22. The present case, however, involves altogether greater criminality than Boolell, a member of the Mauritian Bar, was guilty of: essentially the passing of a worthless cheque. As was observed by Lord Lane CJ in R v Howard (1985) 7 Crim App R (S) 320:

“The issue of counterfeit notes undermines the whole economy of the country and is likely to result in great loss being sustained by innocent people who find themselves in possession of these notes only to discover that they are worthless.”

Such sentences as were passed upon the four conspirators in the present case are routinely passed in equivalent cases in the UK. The appellant, indeed, having contested his guilt, may consider himself fortunate not to have been subject to a longer sentence than the four-year term imposed.

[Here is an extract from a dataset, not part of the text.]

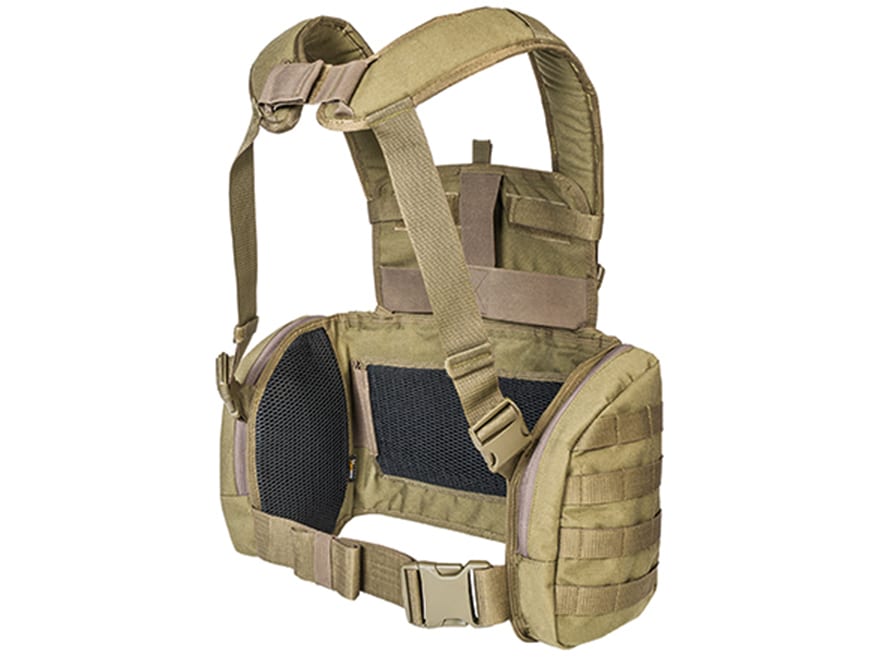 Tasmanian Tiger Chest Rig MKII Olive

23. The Board recognises that a total of 12 years has now passed since the appellant’s offence (compared to the 15 years referred to in Boolell). Their Lordships, however, would certainly not think it right to set aside the appellant’s four-year sentence, not least because of the plain injustice that such a course would inevitably represent in the eyes of the appellant’s co-conspirators (two of whom pleaded guilty and have long since served their six-year terms in full, and one of whom, Khodabaccus, rightly accepted the dismissal of his appeal against conviction in January 2006 and, presumably, has since served his three-year term). Frankly, the very fact that the Board is prepared to entertain this appeal and find a breach of the reasonable time guarantee could well be thought redress enough: anything beyond this from the appellant’s standpoint may be regarded as essentially fortuitous. All that said, however, their Lordships on balance think it right to mark the undoubted constitutional breach in this case by making a modest reduction in the sentence to be served. In the result they quash the four-year term and substitute for it a term of three and a half years’ penal servitude, such sentence now to be served without further delay. To this extent and to this extent only the appeal is allowed. There will be no order for costs.

24. In the light of the Board’s recent opinion in Callachand v The State [2008] UKPC 49, Mr Casey additionally sought to pray in aid the length of time (thirteen and a half months) spent by the appellant in custody before his trial. As to this, however, the Board see no reason why the appellant’s position should be any different from, or better than, that of the presumably countless other serving prisoners in Mauritius who have also previously spent time in custody. Whether, consequent on Callachand, their position is to change is now entirely a matter for the Supreme Court of Mauritius. The Board on this appeal has nothing further to say on the point.